October 26, 2018 Musicology No Comments

Interpolation and sampling are separate concepts.

And either of them can be infringement; or not. But they get used interchangeably and confusingly. Let’s get clearer on what we mean.

First, interpolation. Merriam-Webster.com says interpolation is “the introduction or insertion of something spurious or foreign.” “Interpolation” in music generally means you take something from elsewhere, often a well known song by you or someone else, and you incorporate it into a new work. Whether it’s a reinterpretation, or a new context that bathes the original in irony, or a straight quote because it’s apropos to your track, interpolations can be a zillion things.

My favorite example is Dr Dre’s 1995 single “Keep Their Heads Ringing,” which opens with a bunch of references to “Funk You Up,” by The Sequence. “Funk You Up” was the second single from Sugar Hill Records (after Rappers Delight) and the first hit ever by a female rap group. It’s an iconic track, and he pays it homage. Give it a few seconds and listen to the verse.

And this is “Funk you up” by The Sequence.

We hear all of these lines interspersed with some of Dre accents.
“Hey, you, sitting over there
You better get up out of your chair
And work your body down
No time to funk around
Because we gonna
Funk You Right On Up…”

And where’d he get the “Ring Ding Dong?” Right here…

This is not a sample. Dre did not sample “Funk You Up.” He did not use the audio from “Funk You Up;” he just wrote some of “Funk You Up’s” material into “Keep Their Heads Ringing.” He rerecorded all the parts. It’s the song “Funk You Up” that’s employed, not the recording.

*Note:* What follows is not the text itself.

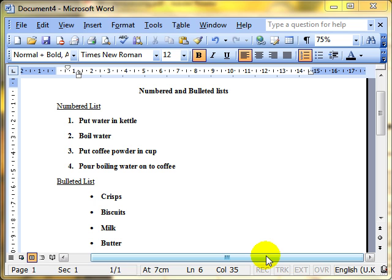In this video we are going to look at how to create numbered and bulleted lists. Numbered and bulleted lists are really identical in how they are used, but there is a distinct difference between the two when you are choosing which to use.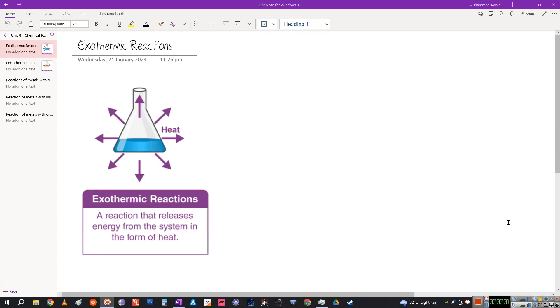Hello kids, today we will be talking about unit 8 which is chemical reactions for grade 7 science. Let's get into it.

This is an interpolation.

Same song, starting a few seconds earlier…

What’s that book-book-booyakasha thing at the beginning? It’s this KRS One track, Mad Crew.

Now that’s a sample! Dr Dre took that right off KRS One’s record.

So why did he choose to not sample the “Funk You Up” record? Plenty of possible reasons, some creative, and others practical. Creatively for example, the sample for better or for worse will always sound pretty much like the sample even if you manipulate it and feather it in to fit your production. Most often, especially if you cleared the sample, you let it be what it is, get all that value, historic and such, and build from there. But you’ll have far broader flexibility if you rerecord it; then you have all the component parts to play around with.

Then there are the different copyrights, one associated with the song, another from the recording. The recording is likely owned by a record company and there’s no flat rate standard statutory price for actual “sampling.” You need to negotiate the price with the rights holder. It could get pricey. The song itself, on the other hand; that’s more likely owned by the artist, could be a lot less.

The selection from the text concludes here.